Market Power and Platform Design in Decentralized Electricity Trading

A new research paper by economists Nicolas Eschenbaum and Nicolas Greber uses a sophisticated multi-agent AI framework to model strategic behavior in decentralized electricity markets. The study examines how 'prosumers'—households with solar panels (PV) and batteries—trade energy on a peer-to-peer platform. The computational model reveals a Cournot-like market power mechanism: because the price producers receive falls as total exports rise, strategic players intentionally under-utilize their storage and withhold supply to keep prices higher. This behavior raises overall grid settlement costs by about 6% compared to a scenario where all participants are simple price-takers.

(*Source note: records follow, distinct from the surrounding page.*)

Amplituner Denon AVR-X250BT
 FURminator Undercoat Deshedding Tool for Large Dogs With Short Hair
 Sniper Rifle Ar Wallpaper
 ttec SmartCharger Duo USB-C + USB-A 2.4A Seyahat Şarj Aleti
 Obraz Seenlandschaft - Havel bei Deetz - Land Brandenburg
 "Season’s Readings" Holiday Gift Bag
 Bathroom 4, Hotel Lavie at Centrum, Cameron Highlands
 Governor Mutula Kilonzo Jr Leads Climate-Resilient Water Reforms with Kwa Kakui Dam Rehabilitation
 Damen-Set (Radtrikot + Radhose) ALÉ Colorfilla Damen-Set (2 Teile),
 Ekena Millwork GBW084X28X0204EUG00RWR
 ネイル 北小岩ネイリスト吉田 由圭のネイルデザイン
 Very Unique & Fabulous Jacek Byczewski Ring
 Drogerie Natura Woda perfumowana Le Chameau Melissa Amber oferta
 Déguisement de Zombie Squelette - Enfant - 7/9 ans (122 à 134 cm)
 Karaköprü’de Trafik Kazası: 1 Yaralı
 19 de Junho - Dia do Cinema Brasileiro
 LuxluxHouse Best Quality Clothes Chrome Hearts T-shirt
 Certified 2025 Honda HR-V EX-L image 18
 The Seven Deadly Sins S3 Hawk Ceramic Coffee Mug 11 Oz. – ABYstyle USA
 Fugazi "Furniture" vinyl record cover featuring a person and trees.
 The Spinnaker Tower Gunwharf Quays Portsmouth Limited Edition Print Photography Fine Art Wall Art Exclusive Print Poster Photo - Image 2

The research's key finding is that platform design is critical for mitigating these inefficiencies. The AI simulations show that the 6% cost increase from strategic play is not inevitable. Certain pricing rules and information disclosure policies can largely eliminate the incentive to game the system. Most strikingly, increased competition in battery ownership dramatically reduces supply withholding; the distortion nearly disappears once storage capacity is split among more than three owners. Despite these strategic frictions, the decentralized trading platform remains immensely valuable, slashing a typical consumer's annual electricity bill by approximately 40% compared to relying solely on the traditional grid, with strategic behavior clawing back only about 8% of those total potential savings.